When you ask most parents what they would be willing to sacrifice for their child’s future, the answer is usually “anything and everything.” They are willing to do whatever it takes to ensure that their child is successful and happy. But how much is too much? Where is the line drawn between being a supportive parent and teaching a child to be independent?
This question is uppermost in the minds of many parents now as they complete the FAFSA and await the receipt of financial aid award letters to their college-bound students. In some cases, they will be saddened to see that the amount of aid awarded is not sufficient to fully cover the costs of attending a coveted college. They then wrangle with the internal struggle of what to do next. Should they take on PLUS loans from the federal government, refinance the house, or borrow against a retirement account to come up with the extra money?
Often it is a balancing act between taking care of the entire family, supporting one student in college, and preparing for their own future.
Things to Consider
How Much Has Your Child Worked for This?
Look back on your student’s high school years and think about how much effort went into achieving the college dream. Did he or she work for the grades, participate in extracurricular activities, hold a part-time job, or go the extra mile in applying to colleges? This kind of effort and enthusiasm certainly warrants some consideration in the borrowing decision.

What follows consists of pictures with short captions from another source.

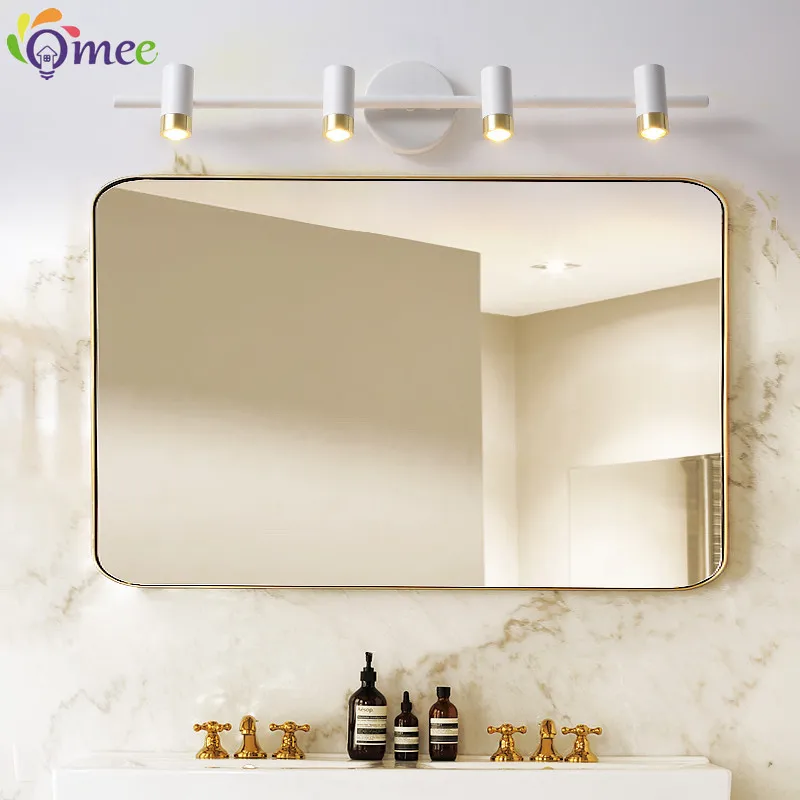 OMEE Nordic LED กระจกไฟหน้าโมเดิร์นสีขาวกระจกตู้ผนังห้องน้ำ Vanity Wall Spotlight กระจก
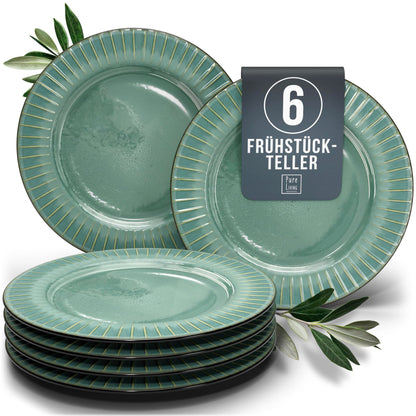 Pure Living Ibiza Stoneware Crockery Set for 6 People, 24-Piece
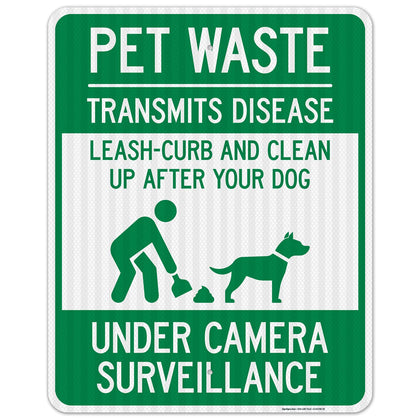 Pet Waste Leash-Curb and Clean Up After Your Dog Under Camera Surveillance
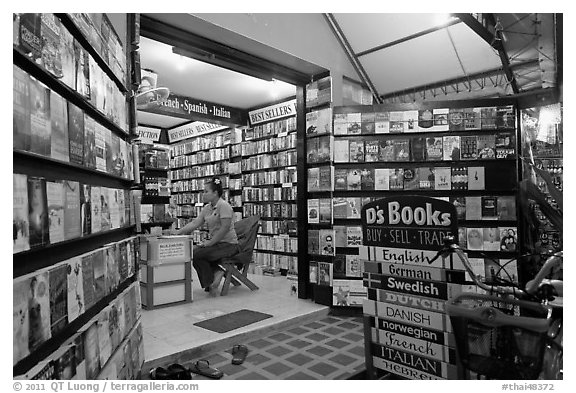 International bookstore, Phi-Phi island. Krabi Province, Thailand (black and white)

Is Your Child Set on This College and Why?
There are times when a student can become enamored of a particular college, and can become emotional when told it is out of financial reach. Before the money discussions begin, try to have a calm discussion with your child about why this college is so important. If the reasons are valid, it might be worth additional financial support.
Are There More Affordable Alternatives?
Have you looked into all the other options? There are many colleges with great programs that are very affordable. Is there a difference between living at home and staying on campus, or remaining in your state as opposed to going to college in another state? Can your child earn credits through AP exams, community college, or taking core classes at a local college during the summer? These can all help to reduce the cost burden at the primary college.

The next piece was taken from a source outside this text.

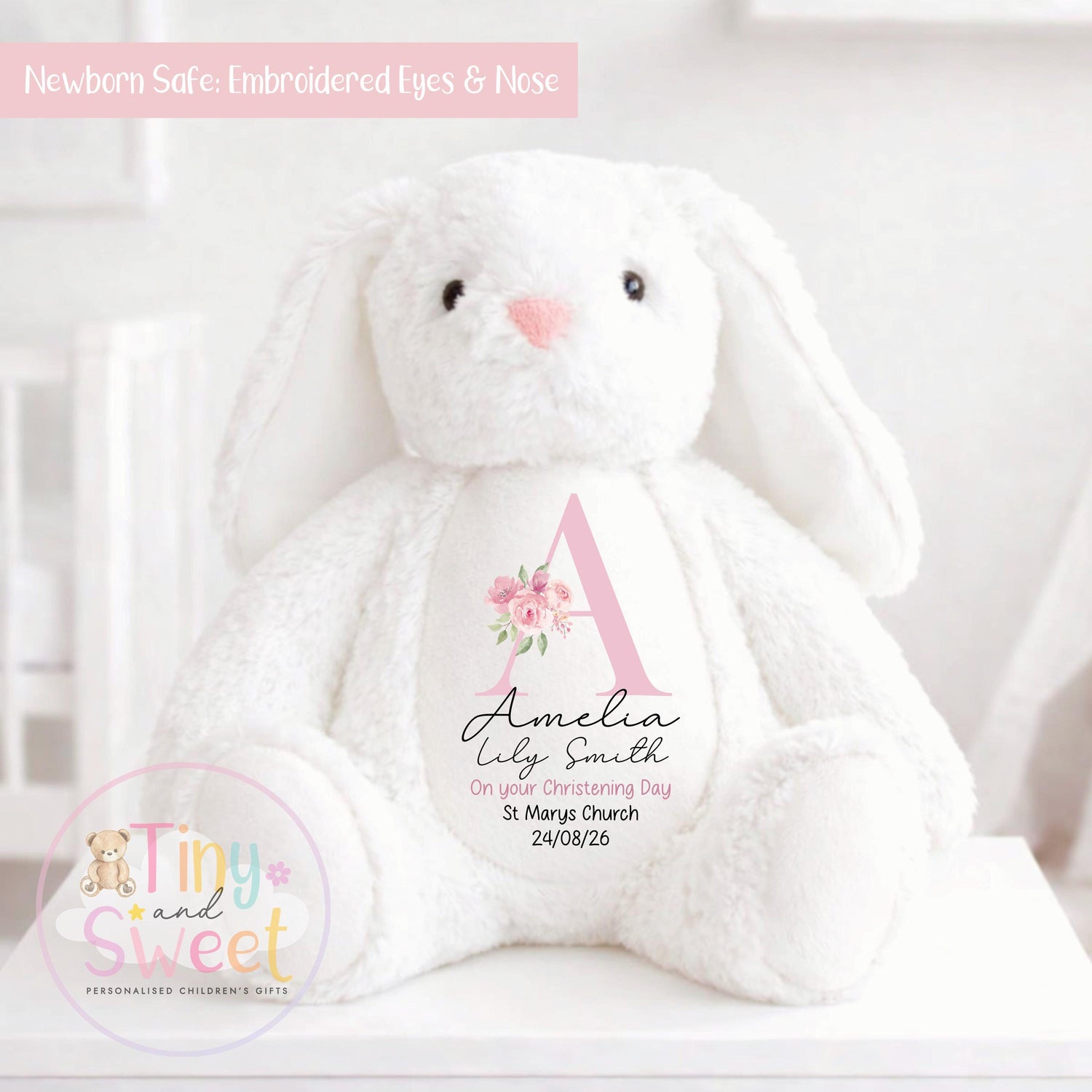 Personalised Christening Bunny, Christening Gift, Baptism Gift, Custom Keepsake, New Baby Gift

What Is Your Student’s Financial Role?
If you simply cannot afford the full cost of college education, have a rational discussion with your child about their participation in the financial process. State in no uncertain terms whether your student will be expected to earn money during the academic year and breaks. How much of the student loans do you expect your child to repay after graduation? Look closely at anticipated income for your child’s major and college to determine if there is a reasonable expectation of being able to repay all of the money borrowed.
How Does It Affect the Family?
It can be easy to get caught up in the excitement of one child attending college, but it should not be at the expense of the entire family. Make sure you have enough in reserve to afford college for any other children, can pay for household emergencies, and will still be able to afford a comfortable retirement lifestyle for yourself.